L’Alliance française de Chiang Rai nous a invités à un après-midi littéraire. L'occasion de rencontrer son nouveau directeur, Alex Cormanski, enseignant de formation, en poste depuis sept mois. La rédaction a voulu en savoir un peu plus sur lui, sur l’Alliance, sur les projets qu’il veut mettre en place, notamment autour du vélo, lui qui ne se déplace jamais sans son élégant deux roues.


Le Petit Journal : Bonjour Alex, parlez-nous d’abord de vous et de votre parcours.

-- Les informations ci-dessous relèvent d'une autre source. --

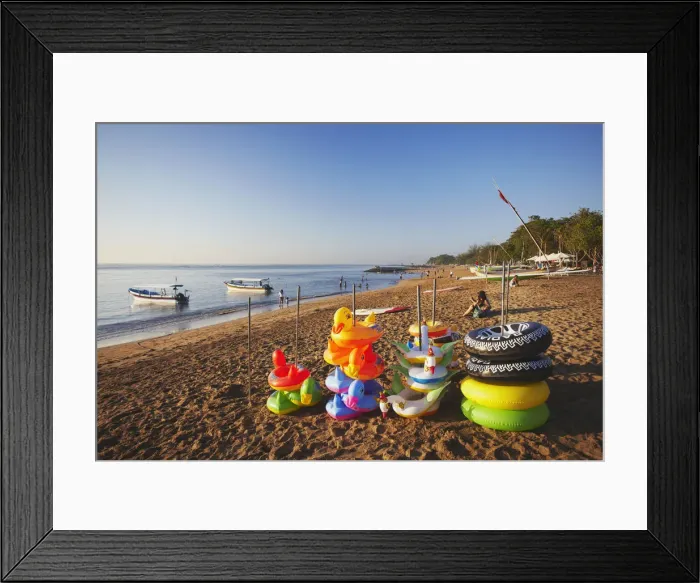 Framed Print : Inflatable life rings on Sanur beach, Bali, Indonesia Framed Print : Inflatable life rings on Sanur beach, Bali, Indonesia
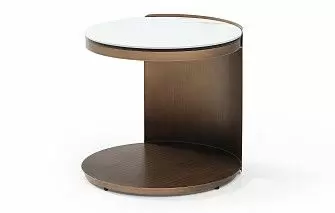 Столик приставной Cassio (48), белая керамика/бронза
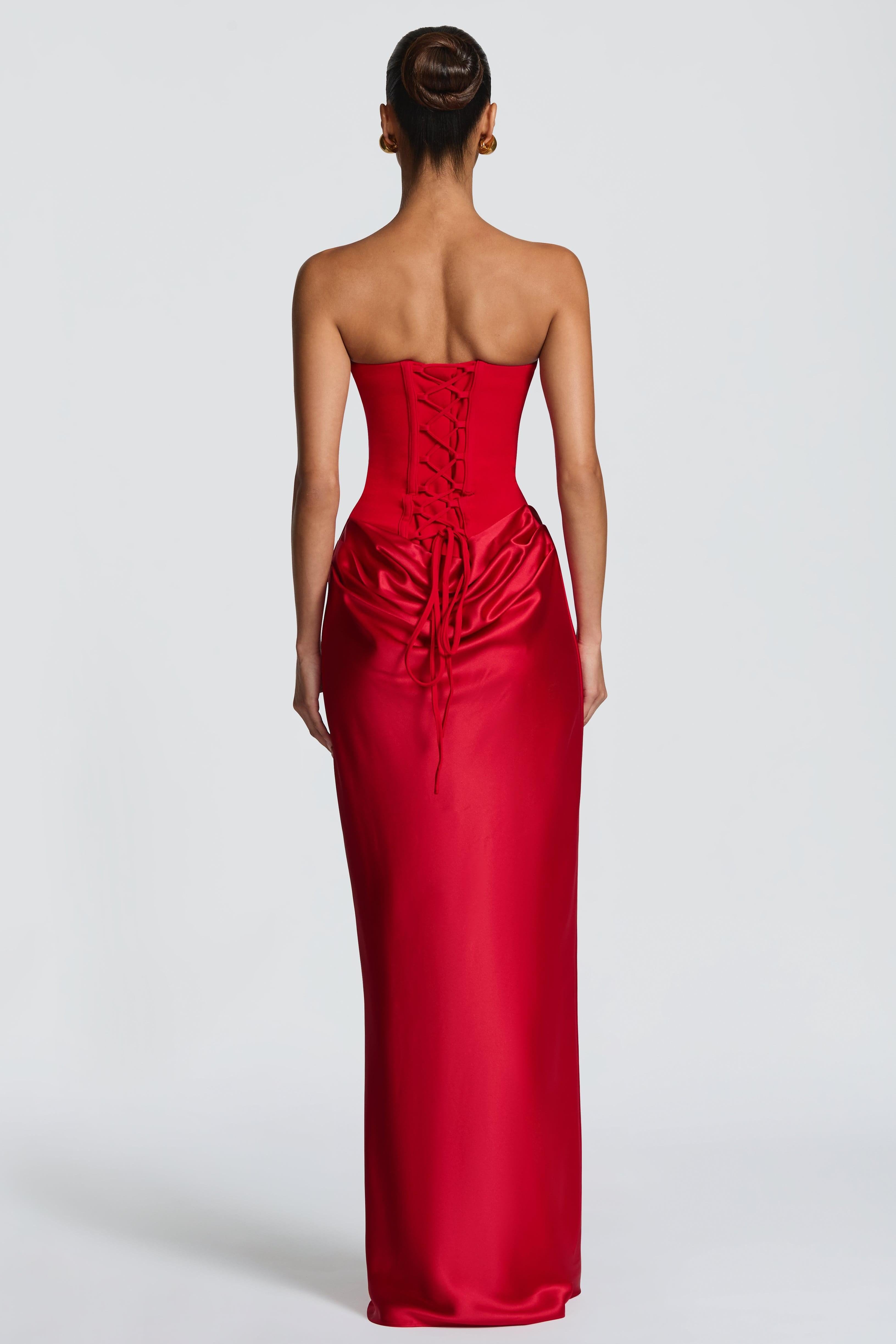 Lena | Satin-Look Tie-Up Maxi Dress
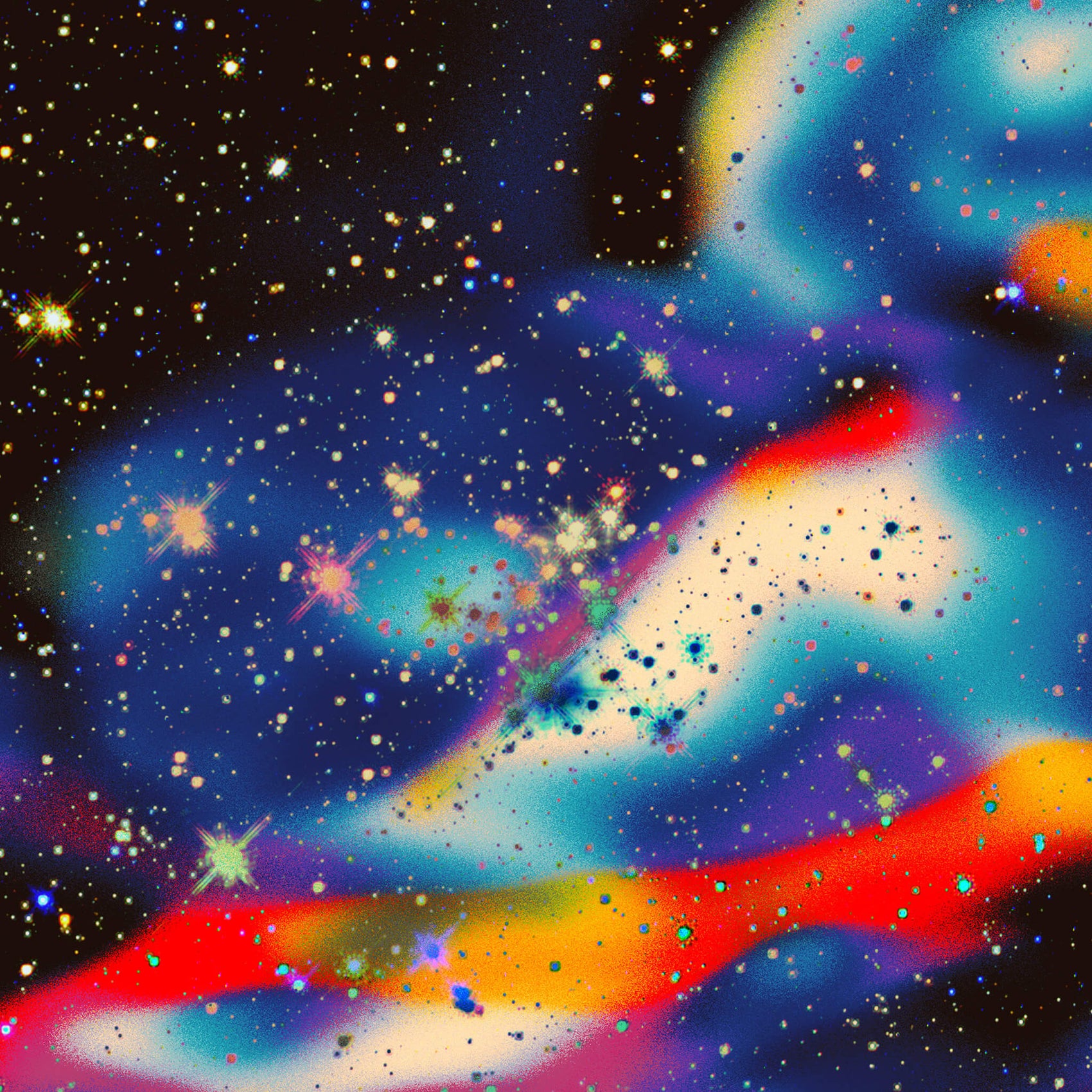 Bookstore rebranding case study brand support graphic for Parallel. A vintage-feeling space background is overlaid with a colourful primary-colour style gradient with blobby shapes.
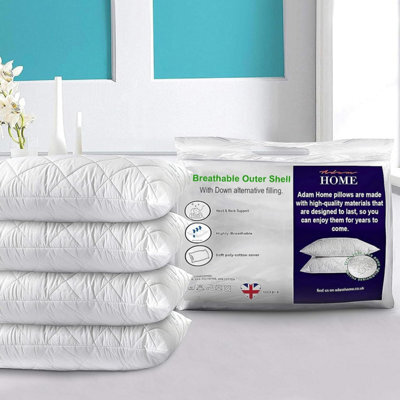 Adam Home Pillows 4 Pack Hotel Quality Firm Support With Quilted Cover Hypoallergenic And Anti Dust Mite Soft Hollow-Fiber Down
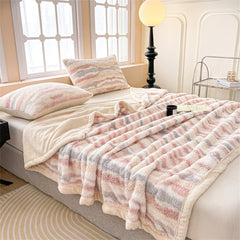 YICKYUE  -  Fashion Entry Luxury Teddy Velvet Rabbit Blanket Thickened Lunch Break Air Conditioning Blanket Modern Simple Household Blanket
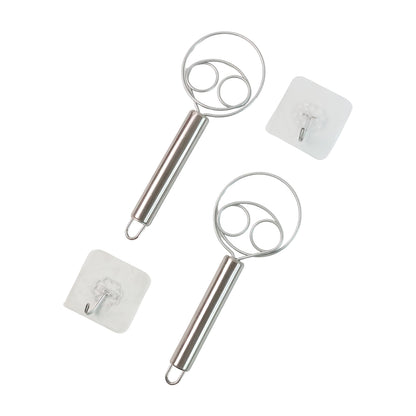 2-piece Stainless Steel Spiral Hand Whisk - (2 Pc  Set)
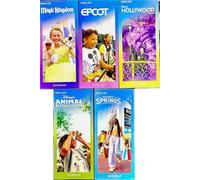 Disney Parks 50th Anniversary Guide Map Information Brochures Set of (5) Magic Kingdom Epcot Animal Kingdom Hollywood Studios Disney Springs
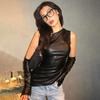 2025 Women's Street Fashion PU Leather Sleeveless Vest with Asymmetric Collar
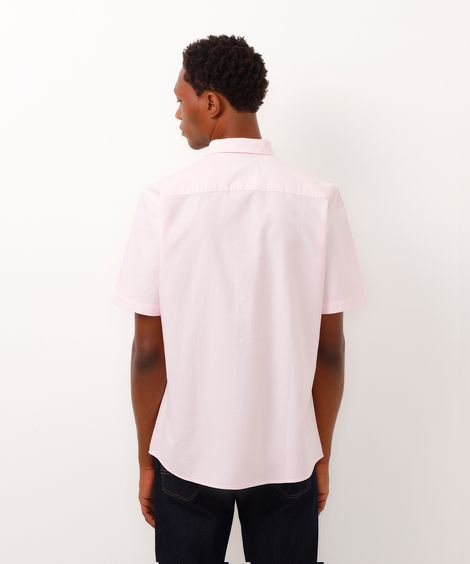 camisa comfort oxford manga curta rosa claro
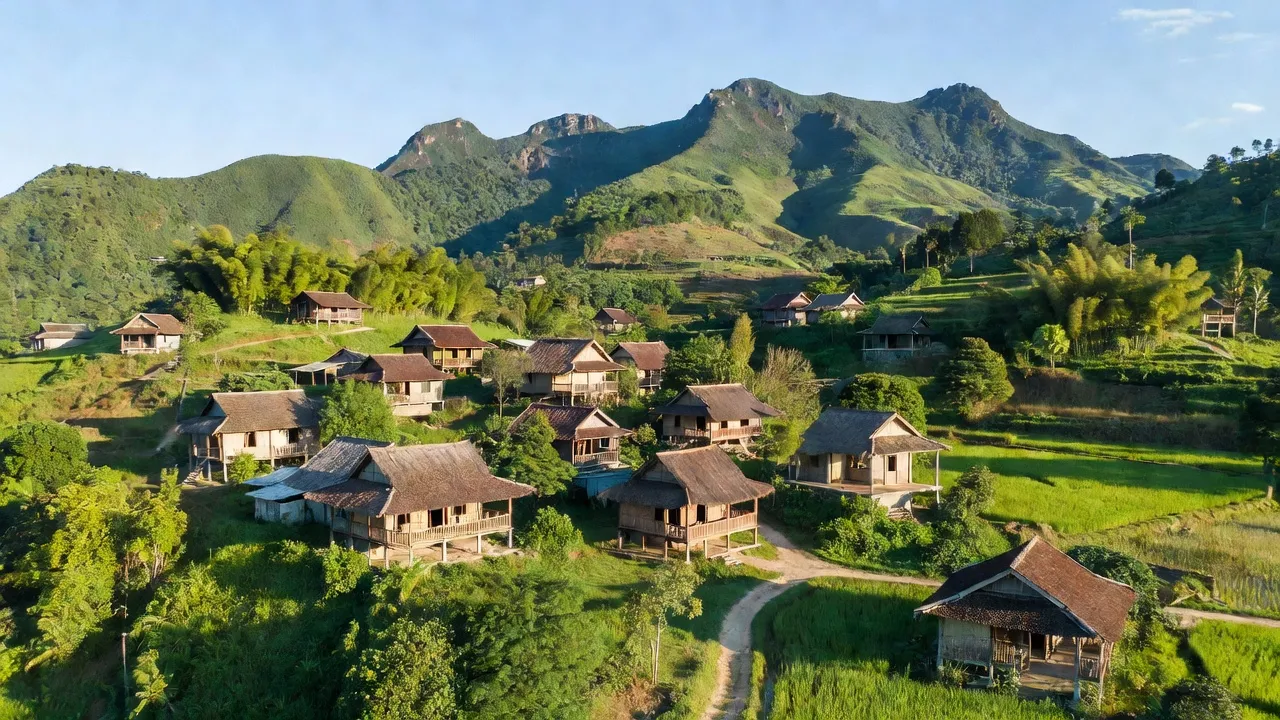 Trà Giang, Bắc Trà My, Quảng Nam: rugged mountains, lush vegetation, and traditional Vietnamese houses.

Alex Cormanski : Je suis professeur et formateur de professeurs de français langue étrangère de formation. J’ai fait tout mon parcours universitaire à l’Université de Paris 3 Sorbonne-nouvelle jusqu’au doctorat dans la discipline didactique/didactologie des langues et des cultures, y ai présenté une thèse sur « le corps dans la langue, l’utilisation des techniques dramatiques dans l’enseignement/apprentissage des langues ». En parallèle à mes études, j’avais une activité théâtrale, j’ai donc associé l’aspect pratique du jeu de l’acteur à la réflexion, la théorie de l’apprentissage des langues en interrogeant le rôle du corps dans ce processus. Car apprendre une langue étrangère, entrer dans cette langue, c’est un peu comme changer d’instrument de musique. Parler une autre langue, c’est un peu comme jouer la musique de cette langue. Il faut savoir s’adapter et il faut surtout pratiquer. Une langue, ça se respire. J’insiste beaucoup aussi sur les interactions, ce qui est crucial dans le jeu. Une langue, ça ne se parle pas tout seul.
Je suis souvent invité dans divers pays pour former des enseignants à cette pratique enseignante très ludique à laquelle les élèves, quel que soit leur pays d’origine, répondent généralement très positivement.
LPJ : Votre avez forgé votre expérience aussi bien en France qu’à l’étranger.
A.C. : J’ai commencé à enseigner la langue et la culture françaises il y a une quarantaine d’années en université (Paris 8, Paris 3), mais aussi dans les grandes écoles comme l’ESSEC, aux élèves du cycle étranger de l’ENA, puis je suis allé aux Etats-Unis où j’ai passé six ans, en tant qu’enseignant de français, principalement au MIT (Massachusetts Institute of Technology), ensuite en Israël comme Attaché de Coopération Educative à l’Ambassade de France, aux Pays-Bas, où j’ai été Délégué général de l’Alliance française et en même temps directeur de l’Alliance de Rotterdam, ai ensuite atterri dans une université malaisienne, à Penang, puis en Chine, où j’ai passé plus de quatre ans, à Peking University, et Beijing University of Chemical Technology, entre autres.
LPJ : Vous êtes en poste à Chiang Rai depuis le 18 novembre 2024. Comment votre arrivée s’est-elle passée ?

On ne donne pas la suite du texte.